*** Dataset extract ***

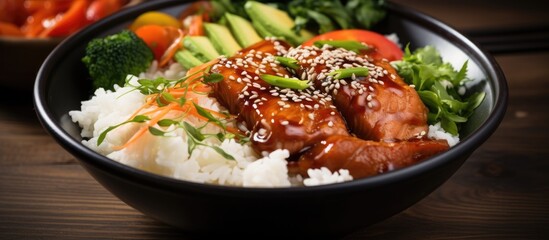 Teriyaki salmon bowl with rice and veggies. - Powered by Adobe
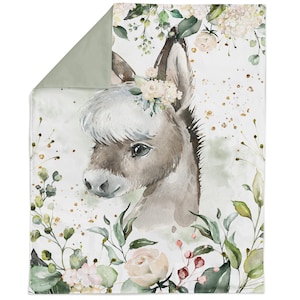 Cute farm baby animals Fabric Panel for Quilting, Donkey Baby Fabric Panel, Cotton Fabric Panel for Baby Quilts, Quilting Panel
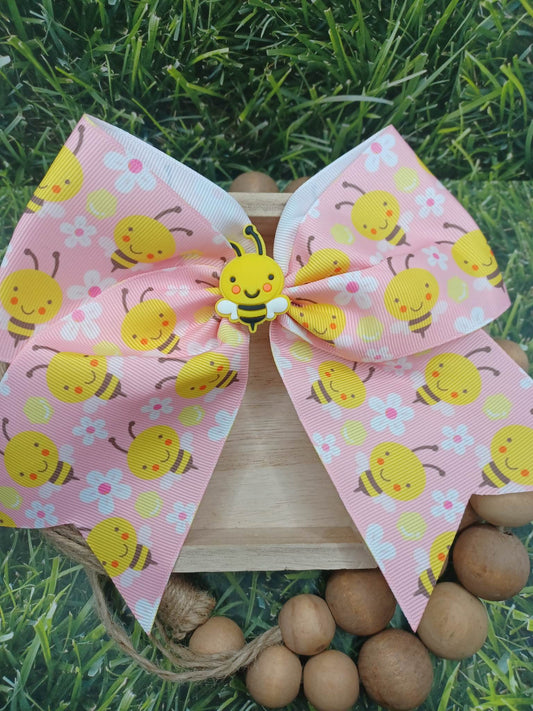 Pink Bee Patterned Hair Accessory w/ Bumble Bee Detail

*** End of Dataset extract ***
*** Dataset extract ***

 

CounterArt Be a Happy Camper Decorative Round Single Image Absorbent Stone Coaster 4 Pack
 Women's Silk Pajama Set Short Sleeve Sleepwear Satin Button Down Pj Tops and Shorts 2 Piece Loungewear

*** End of Dataset extract ***
*** Dataset extract ***

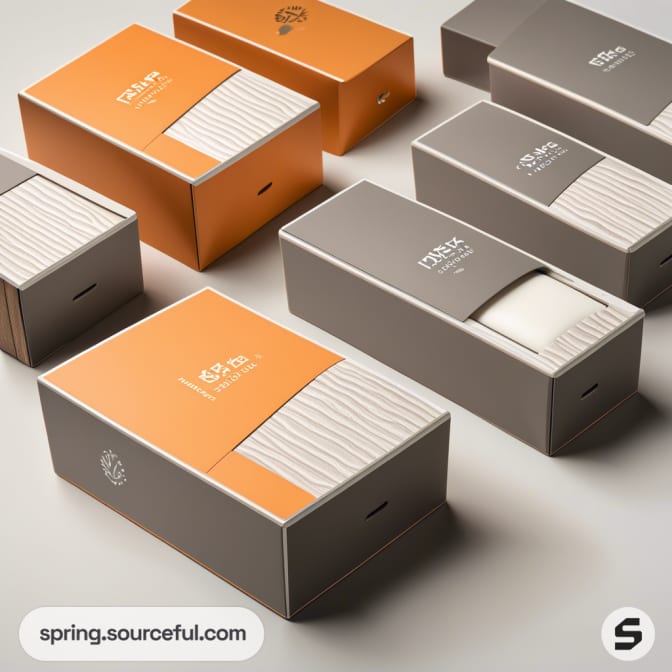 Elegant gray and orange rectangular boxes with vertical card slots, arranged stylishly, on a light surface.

*** End of Dataset extract ***

What you should do: Set down only the lines above that fall between the line holding "CounterArt Be a" and the line holding "Women's Silk Pajama", inclusive, keeping each exact.

Written answer:
CounterArt Be a Happy Camper Decorative Round Single Image Absorbent Stone Coaster 4 Pack
 Women's Silk Pajama Set Short Sleeve Sleepwear Satin Button Down Pj Tops and Shorts 2 Piece Loungewear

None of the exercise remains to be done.